Stored dataset items

-------

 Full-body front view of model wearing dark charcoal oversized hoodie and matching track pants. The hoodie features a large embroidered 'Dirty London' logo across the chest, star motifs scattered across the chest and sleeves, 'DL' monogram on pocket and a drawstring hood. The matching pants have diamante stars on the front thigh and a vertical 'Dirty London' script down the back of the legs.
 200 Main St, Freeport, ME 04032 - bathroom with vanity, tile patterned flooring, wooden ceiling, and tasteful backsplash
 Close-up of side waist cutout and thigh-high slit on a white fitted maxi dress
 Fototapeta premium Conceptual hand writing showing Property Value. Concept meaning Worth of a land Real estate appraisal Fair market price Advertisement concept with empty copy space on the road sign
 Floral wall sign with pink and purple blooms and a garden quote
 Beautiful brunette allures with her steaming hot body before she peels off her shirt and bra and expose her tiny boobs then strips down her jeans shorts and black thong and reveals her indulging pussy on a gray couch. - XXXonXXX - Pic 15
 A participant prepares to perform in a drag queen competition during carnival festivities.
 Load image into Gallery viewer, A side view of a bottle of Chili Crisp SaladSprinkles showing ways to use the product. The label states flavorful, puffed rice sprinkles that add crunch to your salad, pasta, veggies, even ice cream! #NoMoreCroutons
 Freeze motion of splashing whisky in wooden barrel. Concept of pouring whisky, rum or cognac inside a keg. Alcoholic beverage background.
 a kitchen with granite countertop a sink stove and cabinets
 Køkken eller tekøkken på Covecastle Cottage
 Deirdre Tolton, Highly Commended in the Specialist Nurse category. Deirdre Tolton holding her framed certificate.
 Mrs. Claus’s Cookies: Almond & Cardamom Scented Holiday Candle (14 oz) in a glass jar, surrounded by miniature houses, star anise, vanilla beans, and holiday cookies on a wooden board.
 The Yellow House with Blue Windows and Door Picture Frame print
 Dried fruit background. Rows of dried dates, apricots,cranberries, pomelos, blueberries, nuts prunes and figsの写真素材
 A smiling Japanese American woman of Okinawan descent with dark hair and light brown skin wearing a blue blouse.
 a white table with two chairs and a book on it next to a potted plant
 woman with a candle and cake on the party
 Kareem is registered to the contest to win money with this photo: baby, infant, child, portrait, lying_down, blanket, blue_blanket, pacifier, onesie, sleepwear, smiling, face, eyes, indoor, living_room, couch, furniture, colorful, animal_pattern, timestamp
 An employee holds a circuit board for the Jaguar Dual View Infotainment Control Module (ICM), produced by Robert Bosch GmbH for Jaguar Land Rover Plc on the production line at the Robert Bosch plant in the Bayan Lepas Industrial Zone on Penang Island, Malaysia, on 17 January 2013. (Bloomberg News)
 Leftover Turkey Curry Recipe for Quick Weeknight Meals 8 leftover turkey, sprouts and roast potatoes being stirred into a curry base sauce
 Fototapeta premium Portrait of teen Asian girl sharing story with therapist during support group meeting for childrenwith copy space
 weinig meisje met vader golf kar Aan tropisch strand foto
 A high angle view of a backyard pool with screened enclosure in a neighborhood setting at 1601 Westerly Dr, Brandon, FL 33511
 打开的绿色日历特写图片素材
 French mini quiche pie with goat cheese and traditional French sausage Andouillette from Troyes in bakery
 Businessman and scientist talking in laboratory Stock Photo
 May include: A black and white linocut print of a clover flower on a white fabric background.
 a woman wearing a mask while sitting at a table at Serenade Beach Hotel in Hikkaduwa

-------

◆ **TASK REQUIREMENTS**
Retype every entry exactly as it stands.

◆ **TASK ANSWER**
 Full-body front view of model wearing dark charcoal oversized hoodie and matching track pants. The hoodie features a large embroidered 'Dirty London' logo across the chest, star motifs scattered across the chest and sleeves, 'DL' monogram on pocket and a drawstring hood. The matching pants have diamante stars on the front thigh and a vertical 'Dirty London' script down the back of the legs.
 200 Main St, Freeport, ME 04032 - bathroom with vanity, tile patterned flooring, wooden ceiling, and tasteful backsplash
 Close-up of side waist cutout and thigh-high slit on a white fitted maxi dress
 Fototapeta premium Conceptual hand writing showing Property Value. Concept meaning Worth of a land Real estate appraisal Fair market price Advertisement concept with empty copy space on the road sign
 Floral wall sign with pink and purple blooms and a garden quote
 Beautiful brunette allures with her steaming hot body before she peels off her shirt and bra and expose her tiny boobs then strips down her jeans shorts and black thong and reveals her indulging pussy on a gray couch. - XXXonXXX - Pic 15
 A participant prepares to perform in a drag queen competition during carnival festivities.
 Load image into Gallery viewer, A side view of a bottle of Chili Crisp SaladSprinkles showing ways to use the product. The label states flavorful, puffed rice sprinkles that add crunch to your salad, pasta, veggies, even ice cream! #NoMoreCroutons
 Freeze motion of splashing whisky in wooden barrel. Concept of pouring whisky, rum or cognac inside a keg. Alcoholic beverage background.
 a kitchen with granite countertop a sink stove and cabinets
 Køkken eller tekøkken på Covecastle Cottage
 Deirdre Tolton, Highly Commended in the Specialist Nurse category. Deirdre Tolton holding her framed certificate.
 Mrs. Claus’s Cookies: Almond & Cardamom Scented Holiday Candle (14 oz) in a glass jar, surrounded by miniature houses, star anise, vanilla beans, and holiday cookies on a wooden board.
 The Yellow House with Blue Windows and Door Picture Frame print
 Dried fruit background. Rows of dried dates, apricots,cranberries, pomelos, blueberries, nuts prunes and figsの写真素材
 A smiling Japanese American woman of Okinawan descent with dark hair and light brown skin wearing a blue blouse.
 a white table with two chairs and a book on it next to a potted plant
 woman with a candle and cake on the party
 Kareem is registered to the contest to win money with this photo: baby, infant, child, portrait, lying_down, blanket, blue_blanket, pacifier, onesie, sleepwear, smiling, face, eyes, indoor, living_room, couch, furniture, colorful, animal_pattern, timestamp
 An employee holds a circuit board for the Jaguar Dual View Infotainment Control Module (ICM), produced by Robert Bosch GmbH for Jaguar Land Rover Plc on the production line at the Robert Bosch plant in the Bayan Lepas Industrial Zone on Penang Island, Malaysia, on 17 January 2013. (Bloomberg News)
 Leftover Turkey Curry Recipe for Quick Weeknight Meals 8 leftover turkey, sprouts and roast potatoes being stirred into a curry base sauce
 Fototapeta premium Portrait of teen Asian girl sharing story with therapist during support group meeting for childrenwith copy space
 weinig meisje met vader golf kar Aan tropisch strand foto
 A high angle view of a backyard pool with screened enclosure in a neighborhood setting at 1601 Westerly Dr, Brandon, FL 33511
 打开的绿色日历特写图片素材
 French mini quiche pie with goat cheese and traditional French sausage Andouillette from Troyes in bakery
 Businessman and scientist talking in laboratory Stock Photo
 May include: A black and white linocut print of a clover flower on a white fabric background.
 a woman wearing a mask while sitting at a table at Serenade Beach Hotel in Hikkaduwa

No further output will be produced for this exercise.